News hitting the web today is that there is a vulnerability in SSL protocol version 3.0 (SSLv3), dubbed "POODLE". This post will provide you with a summary of need-to-know information.
This can affect all browsers (not just Linux).
How will the vulnerability be patched?
In short, the vulnerability in SSLv3 itself won't be patched but instead major browsers (like linked below) will drop support for SSLv3 in their next releases. This will effectively remove the vulnerability for users of those browsers.
Because the next releases of those browser aren't arriving until weeks from now, various websites are already removing support for SSLv3 from their servers. Both the browser and the website need to support SSLv3 for the vulnerability to affect you, so websites removing this support removes the vulnerability for all their users immediately.
What can/should I do now?
For major browsers you can yourself disable the support for SSLv3, ahead of the next releases of those browser. I recommend that you do so. Doing so will effectively remove the vulnerability for your browser immediately.

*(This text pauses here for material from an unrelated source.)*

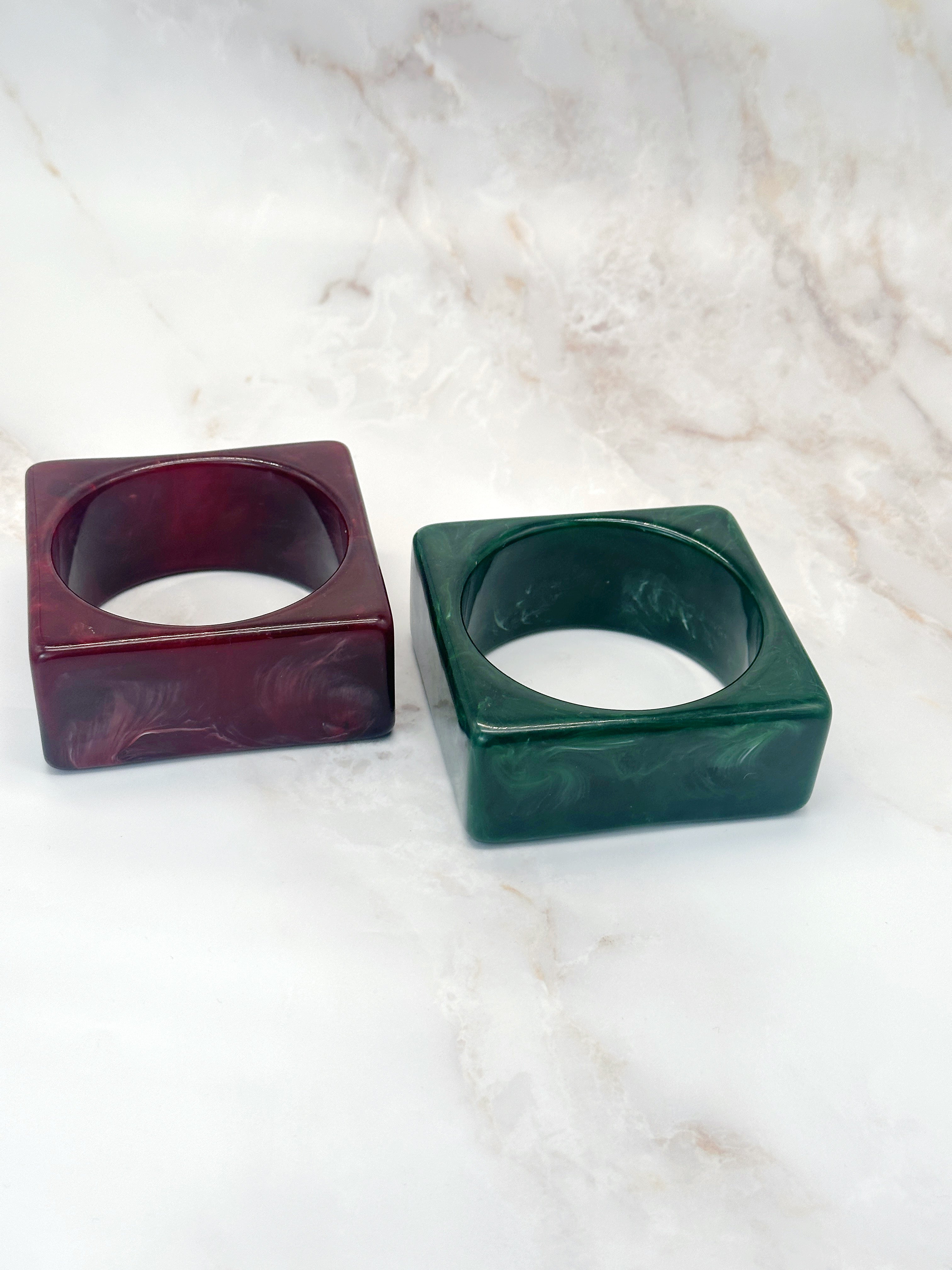 Eckiger Vintage Armreif aus Resin in Grün oder Weinrot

Firefox: Install Mozilla's SSL Version Control add-on. This will immediately drop support for SSLv3. Restart your browser afterwards to close any currently open SSL connections. With the release of Firefox 34 at end of November, you can remove this add-on again as Firefox 34 will not include SSLv3 support. (Alternatively, you can go to about:config and set the value of security.tls.version.min to 1. You don't need to install the add-on then.)
Chromium: You need to edit the launcher for Chromium to include the option "--ssl-version-min=tls1", which would disable SSLv3 support. You can do so by running the following command from the terminal:
sudo sed -ri 's/^(Exec=[^ ]*)(.*)$/\1 --ssl-version-min=tls1\2/' /usr/share/applications/chromium-browser.desktop
Google Chrome: You need to edit the launcher for Google Chrome to include the option "--ssl-version-min=tls1", which would disable SSLv3 support. You can do so by running the following command from the terminal:
sudo sed -ri 's/^(Exec=[^ ]*)(.*)$/\1 --ssl-version-min=tls1\2/' /usr/share/applications/google-chrome.desktop
Programs with embedded browsers, like email clients, may need to have SSLv3 support removed also.
Thunderbird: Click on the application button (icon on the right side of the menu bar) and click on Preferences in the menu that appears. Choose Advanced in the menu bar and on the General tab click on Config Editor. Search for security.tls.version.min and set its value to 1. Restart Thunderbird afterwards to close any currently open SSL connections.
How can I test whether my browser is (still) vulnerable?
You can test whether your browser is vulnerable by visiting
www.poodletest.com/. Note that browsers may cache this website, so if you have visited it before applying one of the above changes please upon visiting the website again (and seeing the same result as before) press Ctrl+F5 to force the browser to bypass the cache.